◆ **Requirement**
Of all the entries below, retype only the lines from the one with "FRE Transparent 4" through the one with "Retro Flower Alloy", exactly as they appear.

◆ **Given information**
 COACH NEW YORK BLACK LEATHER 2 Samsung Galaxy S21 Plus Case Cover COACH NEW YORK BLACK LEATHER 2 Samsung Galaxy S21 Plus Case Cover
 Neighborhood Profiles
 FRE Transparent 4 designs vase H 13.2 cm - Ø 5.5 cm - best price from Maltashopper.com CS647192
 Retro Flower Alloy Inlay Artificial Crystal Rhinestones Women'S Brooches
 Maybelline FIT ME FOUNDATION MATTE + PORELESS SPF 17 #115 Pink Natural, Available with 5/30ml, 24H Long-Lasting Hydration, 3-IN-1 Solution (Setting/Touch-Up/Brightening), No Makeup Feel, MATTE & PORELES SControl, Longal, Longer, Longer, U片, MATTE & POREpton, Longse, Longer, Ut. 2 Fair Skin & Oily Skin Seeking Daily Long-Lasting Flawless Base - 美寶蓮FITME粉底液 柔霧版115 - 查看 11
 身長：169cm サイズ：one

* * *

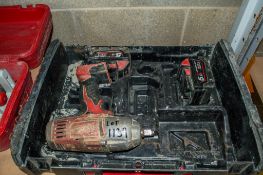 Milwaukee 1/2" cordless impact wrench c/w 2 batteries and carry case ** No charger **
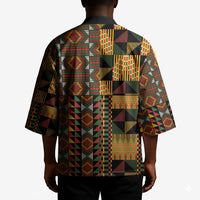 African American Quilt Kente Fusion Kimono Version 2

◆ **Expected output**
 FRE Transparent 4 designs vase H 13.2 cm - Ø 5.5 cm - best price from Maltashopper.com CS647192
 Retro Flower Alloy Inlay Artificial Crystal Rhinestones Women'S Brooches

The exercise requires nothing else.